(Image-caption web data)
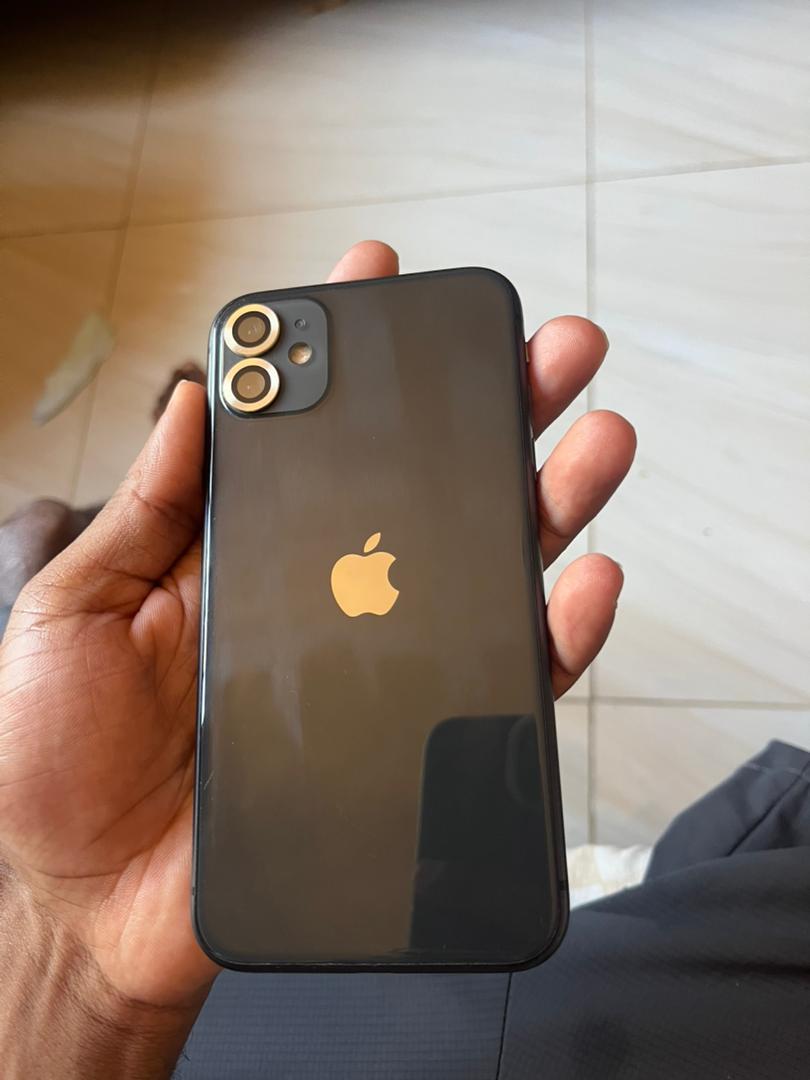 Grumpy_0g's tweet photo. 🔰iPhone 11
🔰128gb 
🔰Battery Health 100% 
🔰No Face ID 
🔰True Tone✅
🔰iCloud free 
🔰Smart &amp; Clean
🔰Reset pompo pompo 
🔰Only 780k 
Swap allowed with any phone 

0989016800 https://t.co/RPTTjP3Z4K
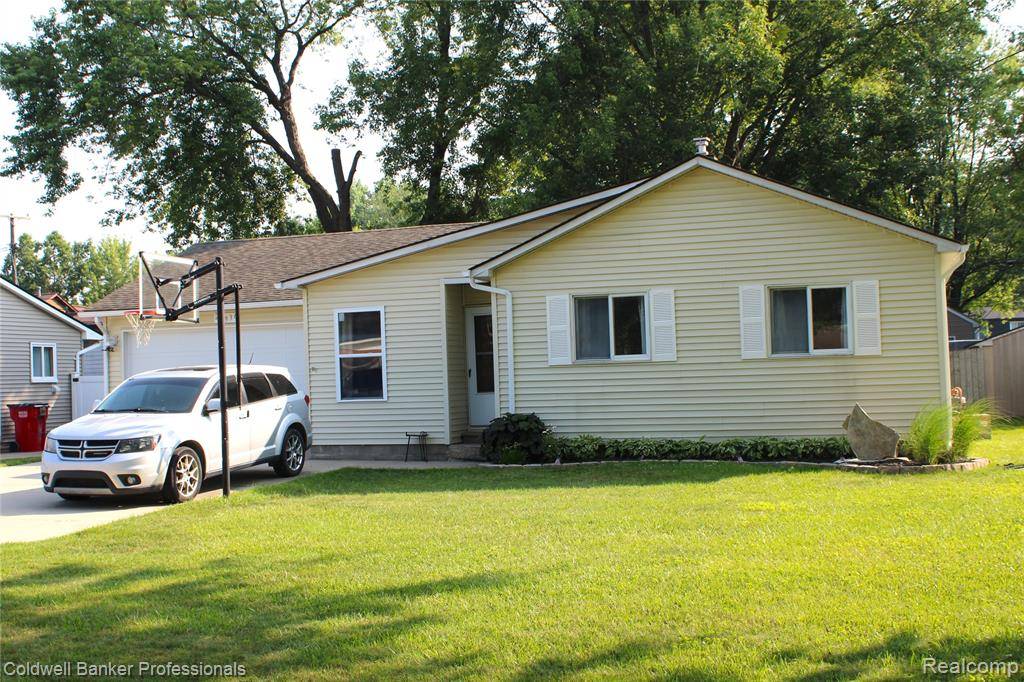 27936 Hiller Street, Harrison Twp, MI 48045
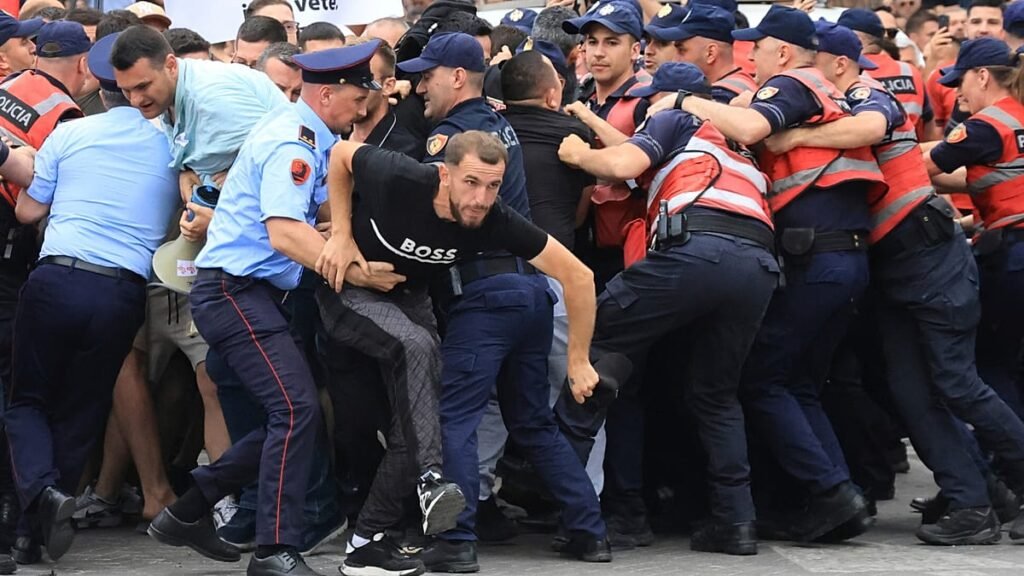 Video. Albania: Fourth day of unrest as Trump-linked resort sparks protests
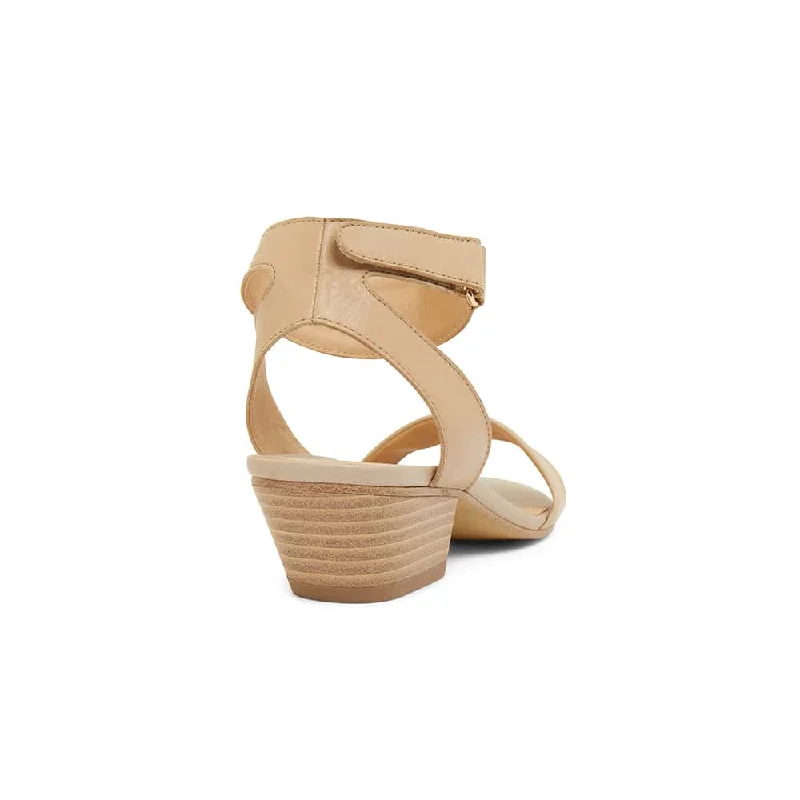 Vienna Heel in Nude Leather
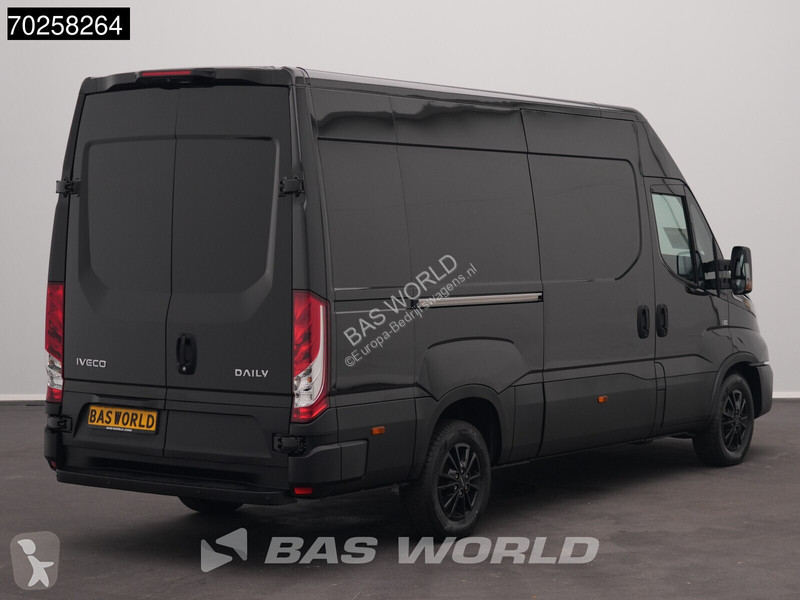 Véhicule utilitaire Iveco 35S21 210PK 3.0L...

YOUR GOAL | Without the pictures, reproduce every line of the records above exactly.

SOLUTION TO THE EXERCISE |
 Grumpy_0g's tweet photo. 🔰iPhone 11
🔰128gb 
🔰Battery Health 100% 
🔰No Face ID 
🔰True Tone✅
🔰iCloud free 
🔰Smart &amp; Clean
🔰Reset pompo pompo 
🔰Only 780k 
Swap allowed with any phone 

0989016800 https://t.co/RPTTjP3Z4K
 27936 Hiller Street, Harrison Twp, MI 48045
 Video. Albania: Fourth day of unrest as Trump-linked resort sparks protests
 Vienna Heel in Nude Leather
 Véhicule utilitaire Iveco 35S21 210PK 3.0L...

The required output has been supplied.